[The data]
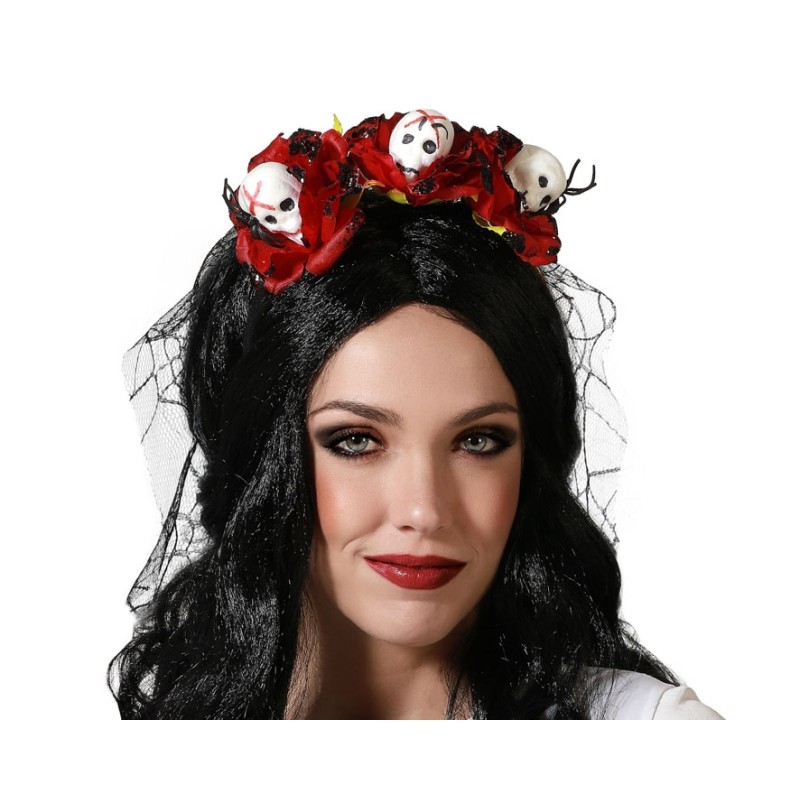 DIADEMA HALLOWEEN CATRINA ROSAS CON CALAVERAS MUJER ADULTO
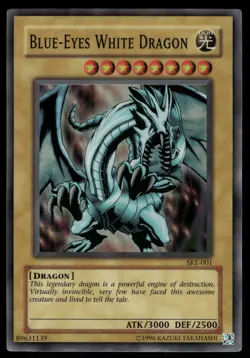 Yugioh! Blue-Eyes White Dragon SKE-001 Super Rare MP - Image 1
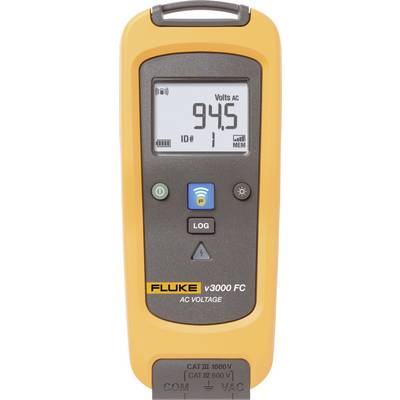 Electronic measuring device for voltage measurement shows 'Volts AC 94.5'. It has an orange frame and operational buttons.
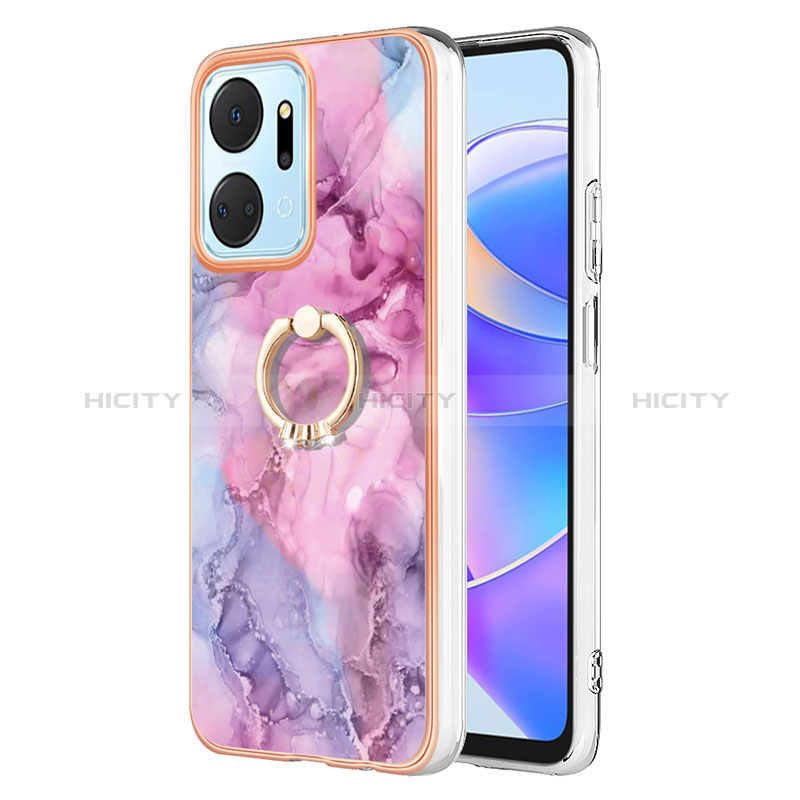 Custodia Silicone Gel Morbida Fantasia Modello Cover con Anello Supporto Y01B per Huawei Honor X7a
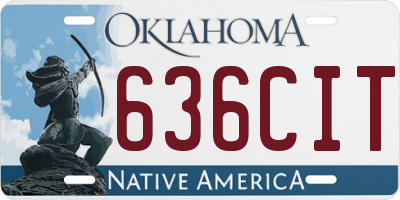 OK license plate 636CIT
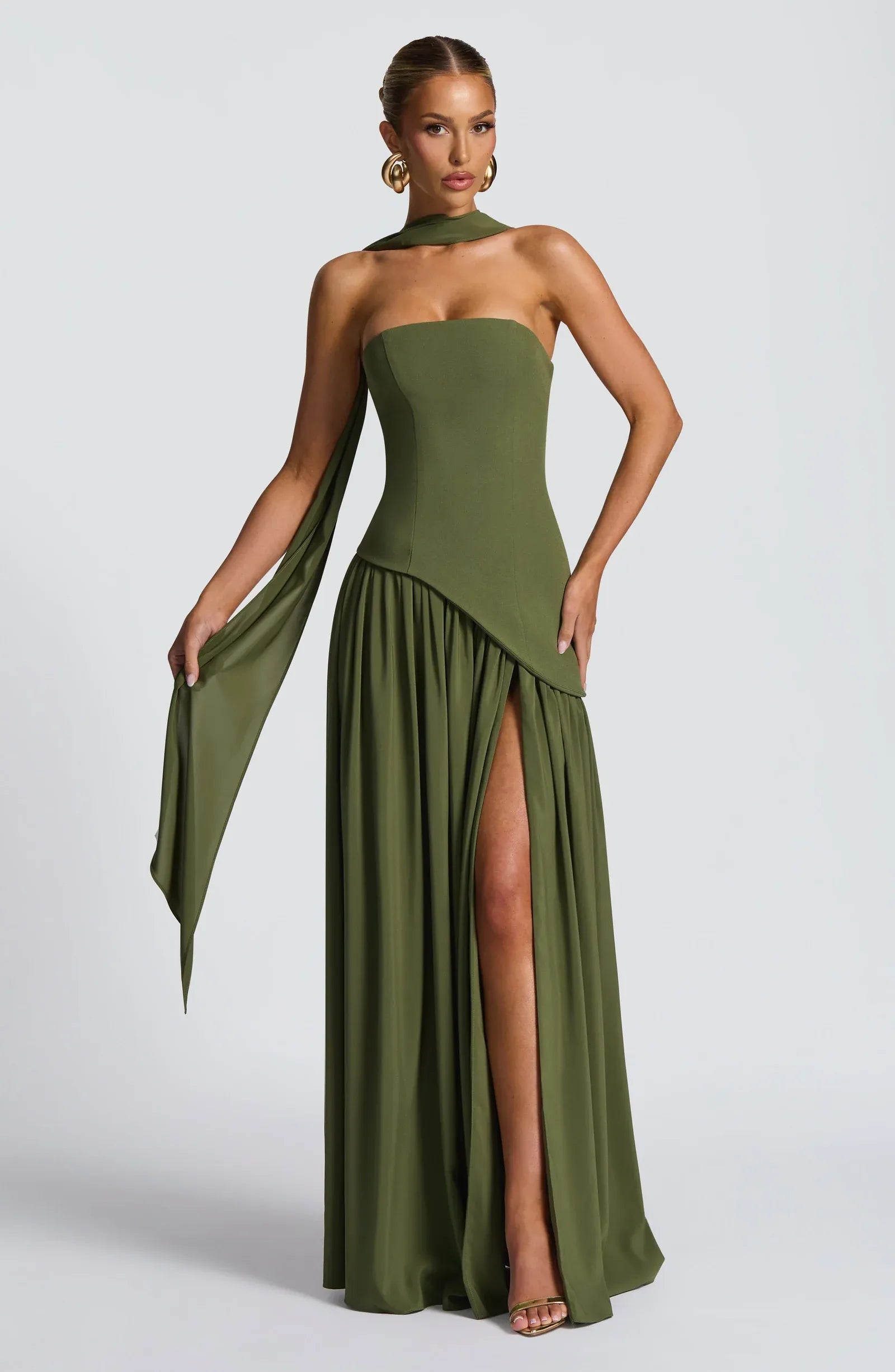 Strapless Square Neck Choker Sash Asymmetrical Corset High Slit Olive Green Two Fabric A Line Maxi Wedding Guest Dresses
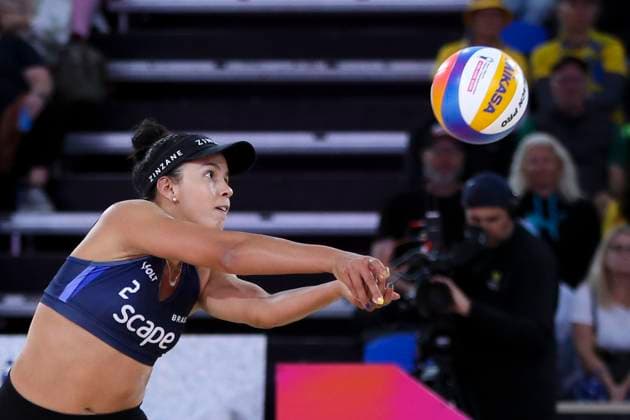 Beach volleyball, Beachvolleyball World Championship, WM, Weltmeisterschaft Thamela Coradello Galil and Victoria Lopes Pereira Tosta (BRA) v Tina Graudina and Anastasija Samoilova (LAT) during the Semi Final match of the Beach Volleyball World Championships at The Drive in Adelaide, Saturday, November 22, 2025. ( NO ARCHIVING, EDITORIAL USE ONLY ADELAIDE SOUTH AUSTRALIA AUSTRALIA  Copyright: xMATTxTURNERx 20251122188392078162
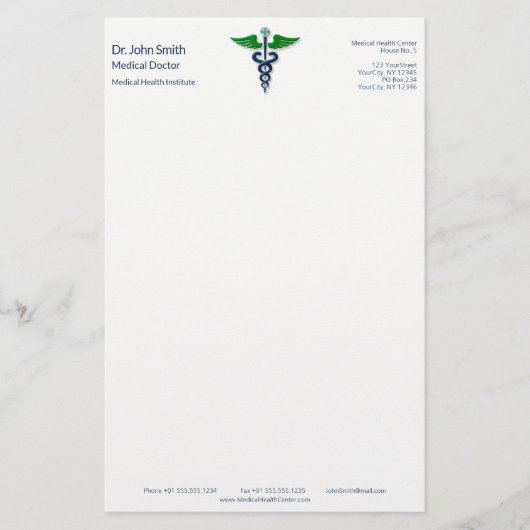 Papeterie Blue Médicale Caduceus Stylish Green Wings Cross (Devant)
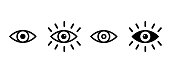 Eye vector icons set. Eyesight symbol. Retina scan eye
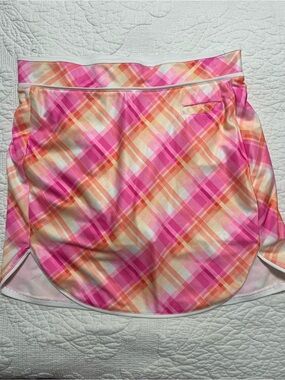 Pebble Beach Golf Dry Luxe Women's Plaid  Skort Lined Pink/ Orange-Size M #586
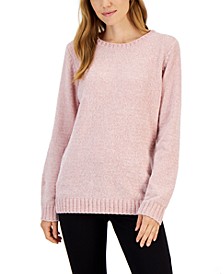 Petite Crewneck Chenille Sweater, Created for Macy's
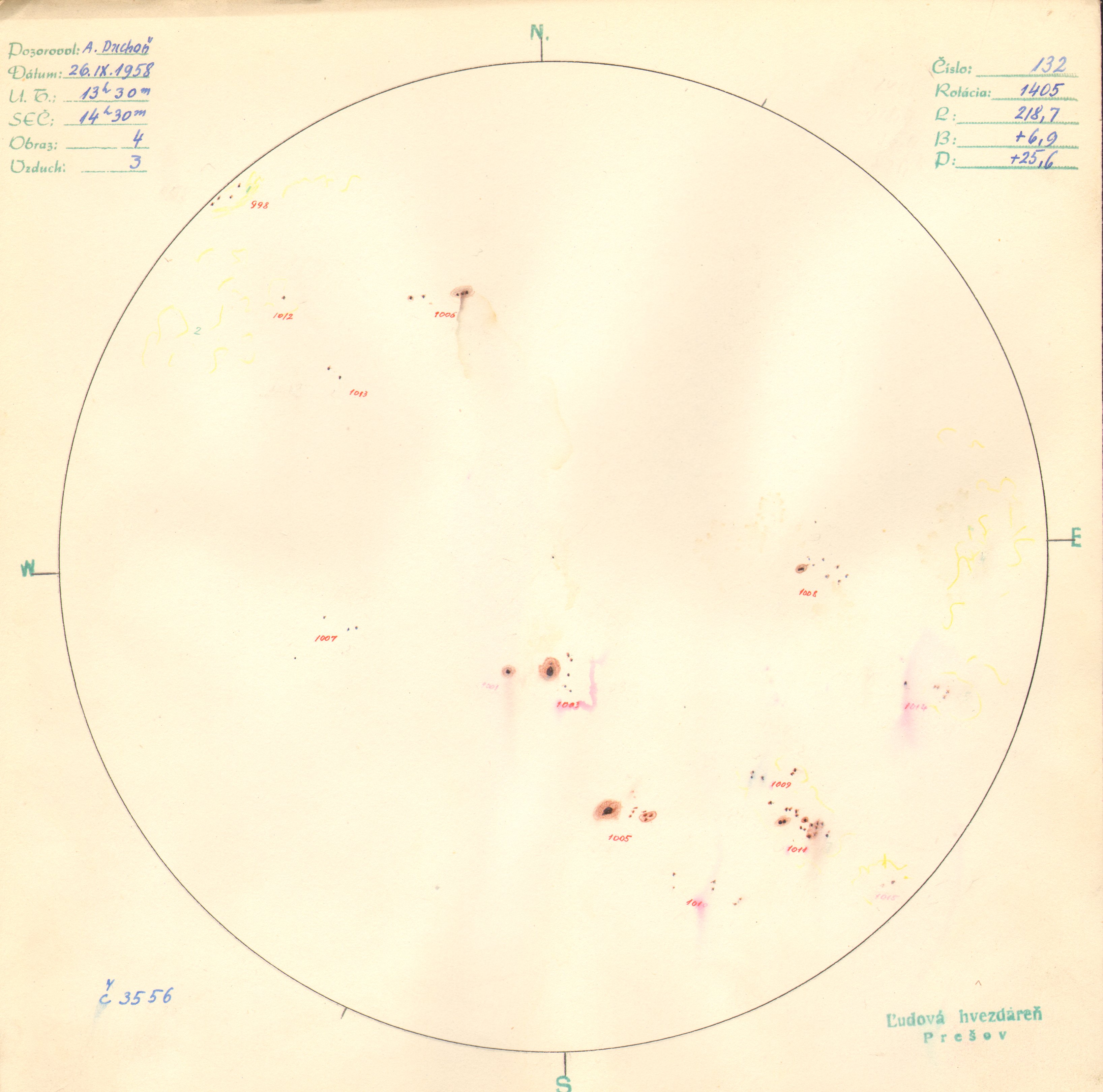 Obrázok zákresu Slnka na deň 26.09.1958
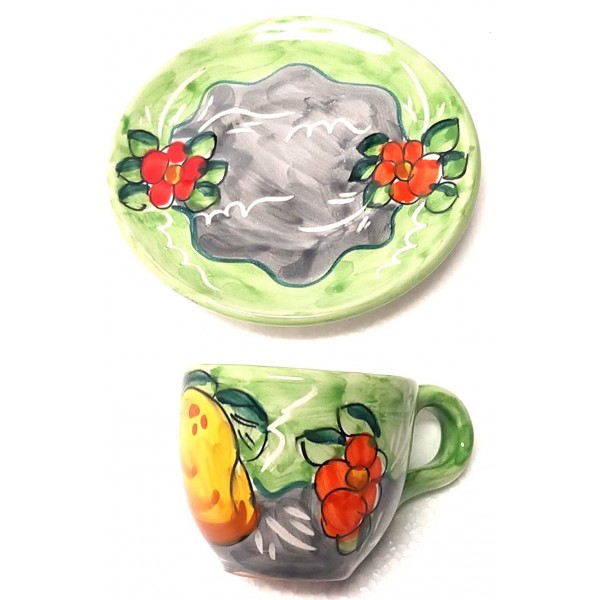 Espresso Cup & Saucer Lemon Flowers green, Cups and mugs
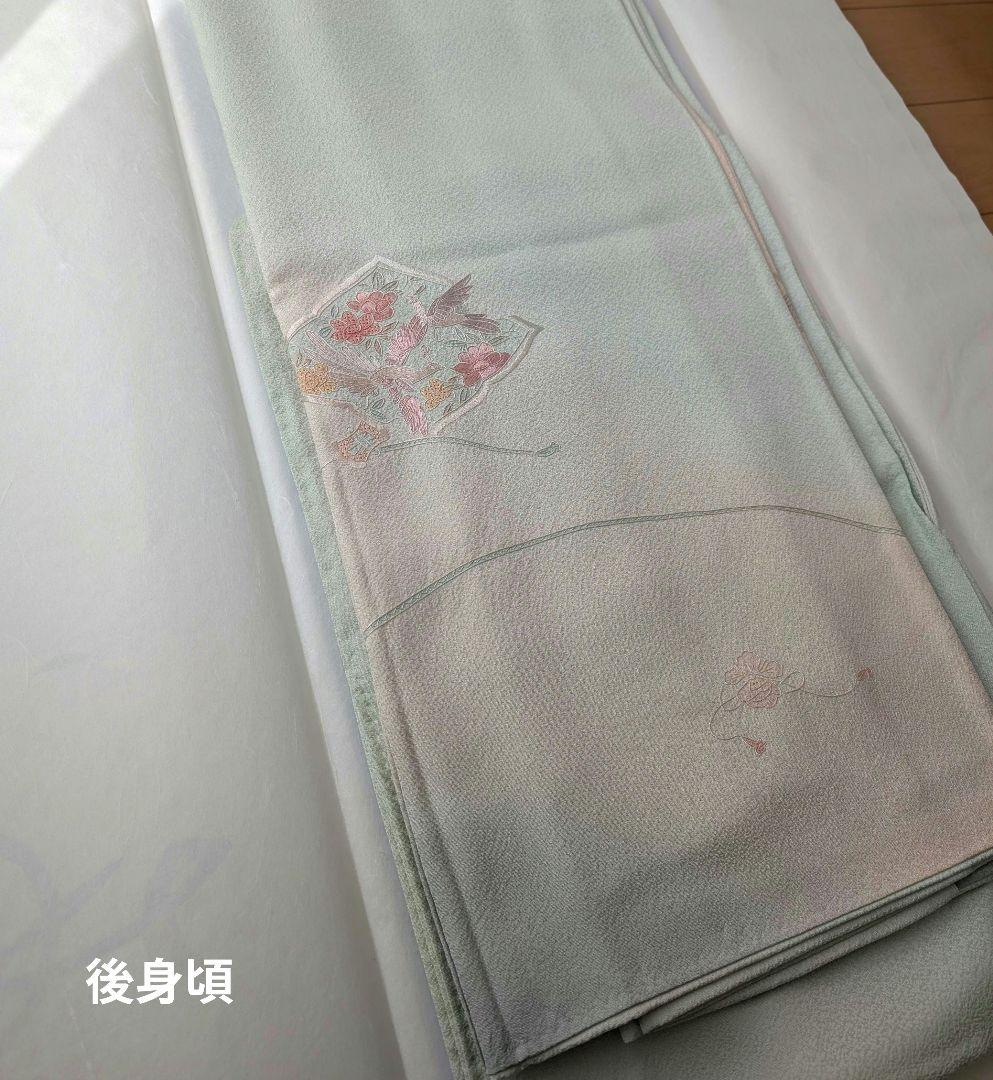 蘇州刺繍　訪問着　袋帯　セット　ぼかし染め　花鳥・宝尽くし　白緑・秘色・乙女色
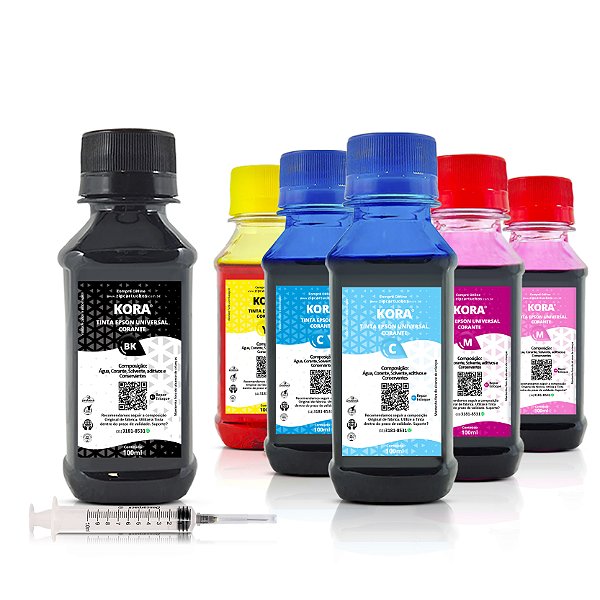 Kit de 6 Tintas Epson Universal Preta + Coloridas Corantes Kora 100ml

[Your instructions]
The expected response is every line of the material, written out exactly, with the images removed.

[Answer to this problem]
 DIADEMA HALLOWEEN CATRINA ROSAS CON CALAVERAS MUJER ADULTO
 Yugioh! Blue-Eyes White Dragon SKE-001 Super Rare MP - Image 1
 Electronic measuring device for voltage measurement shows 'Volts AC 94.5'. It has an orange frame and operational buttons.
 Custodia Silicone Gel Morbida Fantasia Modello Cover con Anello Supporto Y01B per Huawei Honor X7a
 OK license plate 636CIT
 Strapless Square Neck Choker Sash Asymmetrical Corset High Slit Olive Green Two Fabric A Line Maxi Wedding Guest Dresses
 Beach volleyball, Beachvolleyball World Championship, WM, Weltmeisterschaft Thamela Coradello Galil and Victoria Lopes Pereira Tosta (BRA) v Tina Graudina and Anastasija Samoilova (LAT) during the Semi Final match of the Beach Volleyball World Championships at The Drive in Adelaide, Saturday, November 22, 2025. ( NO ARCHIVING, EDITORIAL USE ONLY ADELAIDE SOUTH AUSTRALIA AUSTRALIA  Copyright: xMATTxTURNERx 20251122188392078162
 Papeterie Blue Médicale Caduceus Stylish Green Wings Cross (Devant)
 Eye vector icons set. Eyesight symbol. Retina scan eye
 Pebble Beach Golf Dry Luxe Women's Plaid  Skort Lined Pink/ Orange-Size M #586
 Petite Crewneck Chenille Sweater, Created for Macy's
 Obrázok zákresu Slnka na deň 26.09.1958
 Espresso Cup & Saucer Lemon Flowers green, Cups and mugs
 蘇州刺繍　訪問着　袋帯　セット　ぼかし染め　花鳥・宝尽くし　白緑・秘色・乙女色
 Kit de 6 Tintas Epson Universal Preta + Coloridas Corantes Kora 100ml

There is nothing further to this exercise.